There are more plot options inside pandas.tools.plotting:


In [ ]:
# Is there correlations between the northern and southern sea level timeseries we loaded?
from pandas.tools.plotting import scatter_matrix
scatter_matrix(mean_sea_level, figsize=LARGE_FIGSIZE);

We will confirm the correlations we think we see further down...

EXERCISE: Refer to exercises/aapl_adj_close_plot/aapl_adj_close_plot.ipynb

5. Accessing data

The general philosophy for accessing values inside a Pandas datastructure is that, unlike a numpy array that only allows to index using integers a Series allows to index with the values inside the index.
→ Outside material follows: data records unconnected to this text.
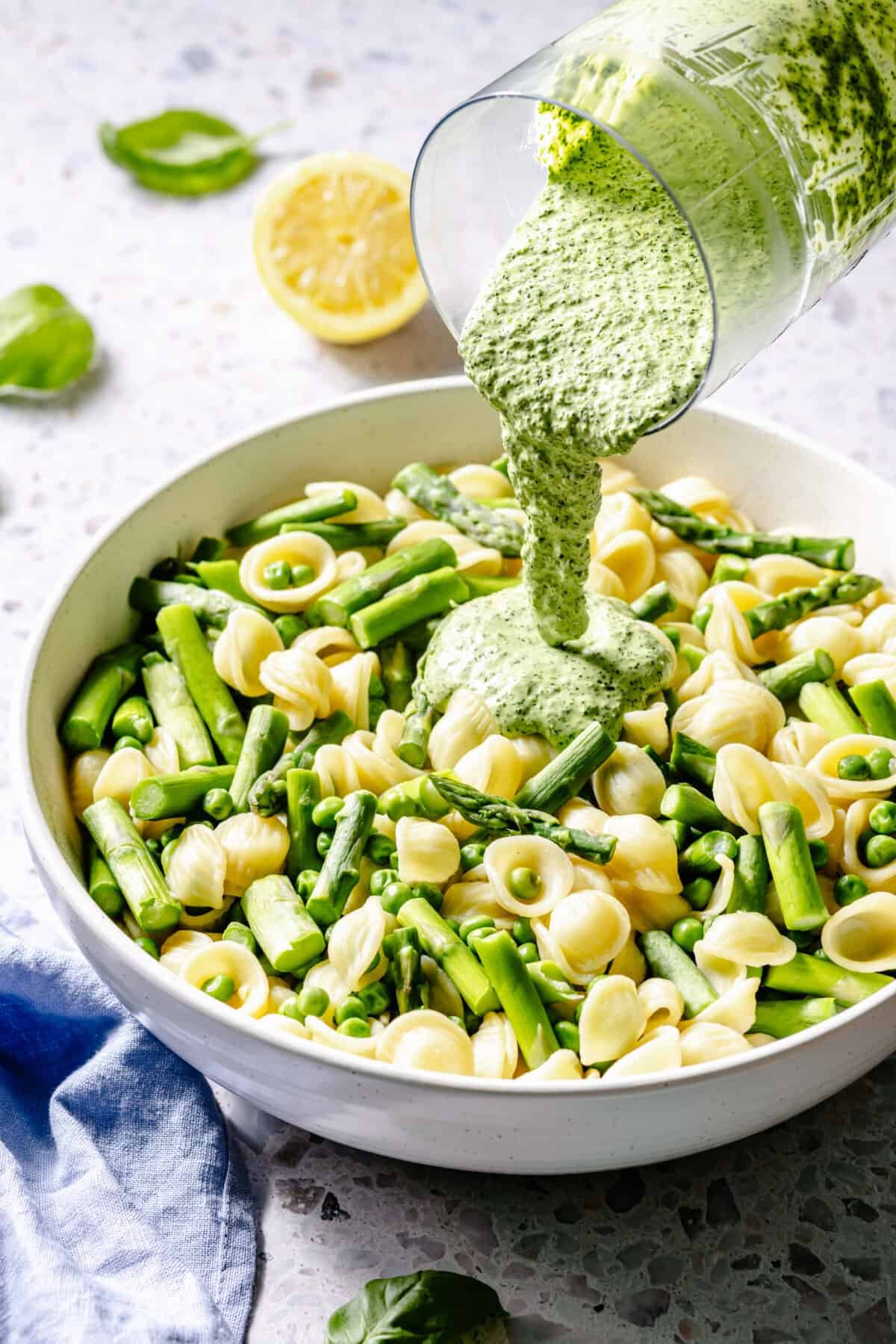 Green Goddess Pasta Salad in bowl with sauce pouring on top.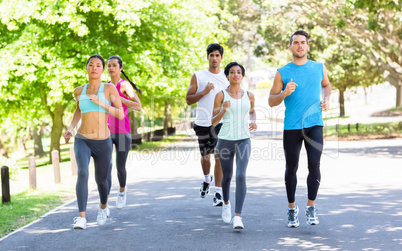 Marathon athletes running on street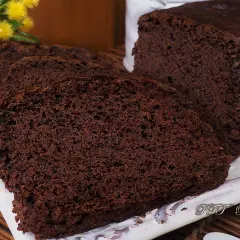 Plumcake al cacao sofficissimo, affettato su un piatto bianco, con fiori gialli sullo sfondo.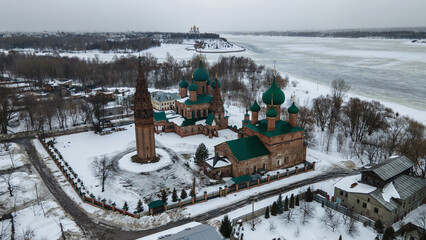 Beautiful old church with towers and domes. Winter day. Overcast weather. Ancient architecture.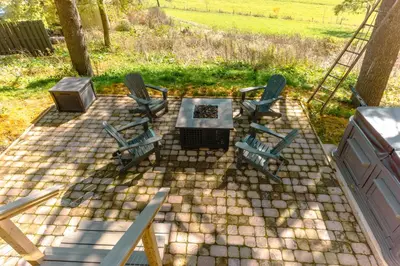 a patio with three chairs and a table and a grill at Charming Little House at Buckleberry View EV Recharge Gorgeous View Hot Tub in Spring Mills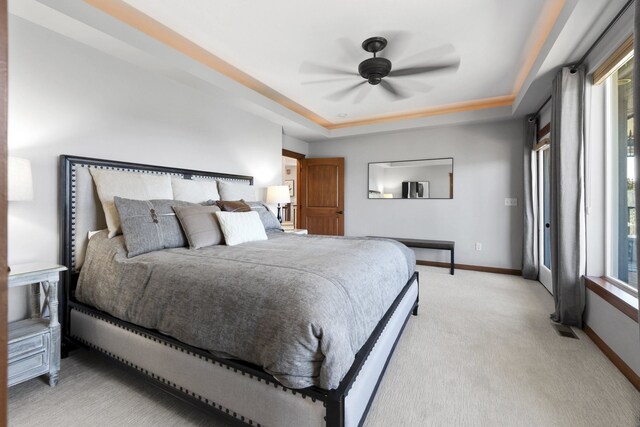 6595D Lois Way, Nine Mile Falls, WA 99026 - bedroom featuring light colored carpet, a raised ceiling, baseboards, and a ceiling fan
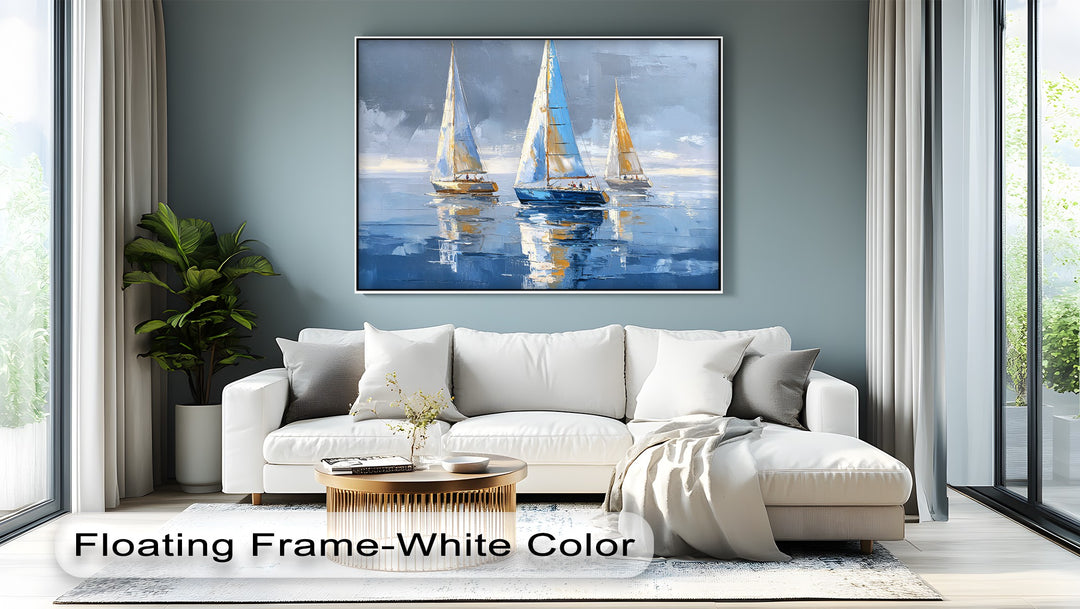 Foreground shows a round, brass coffee table and textured rug, set before a white sofa and a sailing boats canvas art that brings coastal charm to the room.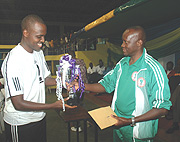 Minister Joseph Habineza hands the Volleyball trophy to APR team captain.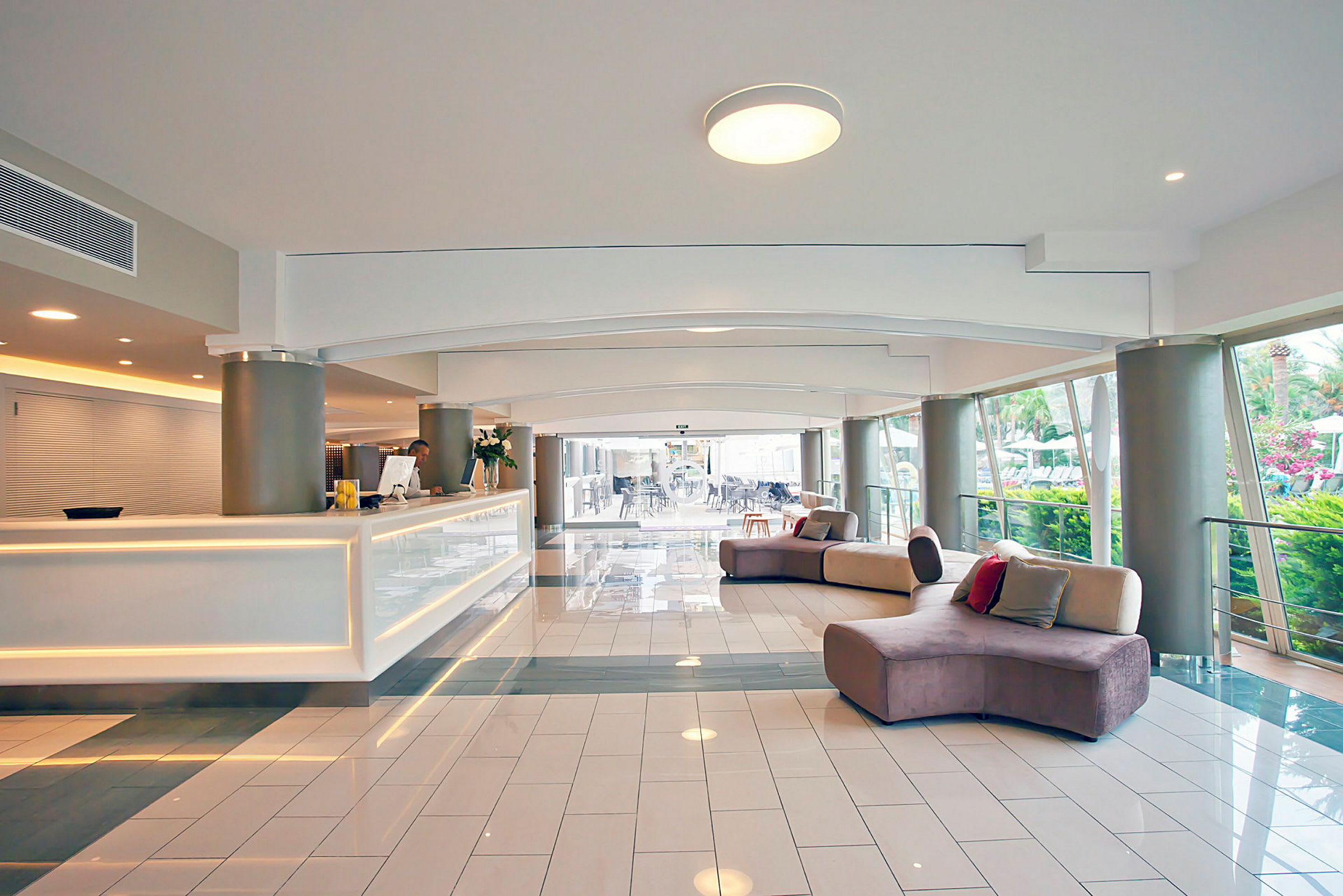 Hotellreception med vit disk och soffor i ett modernt och ljust rum. (AI-genererad text)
That makes the code more readable.

In a series


In [ ]:
full_globe_temp

In [ ]:
# By default [] on a series accesses values using the index, not the location in the series
# print(temp1[0])  # This would to fail!!

In [ ]:
# This index is non-trivial though (will talk more about these datetime objects further down):
full_globe_temp.index.dtype

In [ ]:
first_date = full_globe_temp.index[0]
first_date == pd.Timestamp('1880')

In [ ]:
# By default [] on a series accesses values using the index, not the location in the series
print(full_globe_temp[pd.Timestamp('1880')])
# print(temp1[0])  # This would fail!!

In [ ]:
# Another more explicit way to do the same thing is to use loc
print(full_globe_temp.loc[pd.Timestamp('1990')])
print(full_globe_temp.iloc[0], full_globe_temp.iloc[-1])

In [ ]:
# Year of the last record?
full_globe_temp.index[-1]

In [ ]:
# New records can be added:
full_globe_temp[pd.Timestamp('2011')] = np.nan

In a dataframe


In [ ]:
# In 2D, same idea, though in a DF [] accesses columns (Series)
giss_temp["Jan"]

In [ ]:
# while .loc and .iloc allow to access individual values, slices or masked selections:
print(giss_temp.loc[1979, "Dec"])

In [ ]:
# Slicing can be done with .loc and .iloc
print(giss_temp.loc[1979, "Jan":"Jun"])  # Note that the end point is included unlike NumPy!!!
print(giss_temp.loc[1979, ::2])

In [ ]:
# Masking can also be used in one or more dimensions. For example, another way to grab every other month for the first year:
mask = [True, False] * 6
print(giss_temp.iloc[0, mask])
print(giss_temp.loc[1880, mask])

In [ ]:
# We could also add a new column like a new entry in a dictionary
giss_temp["totals"] = giss_temp.sum(axis=1)
giss_temp

In [ ]:
# Let's remove this new column, we will learn to do this differently
giss_temp = giss_temp.drop("totals", axis=1)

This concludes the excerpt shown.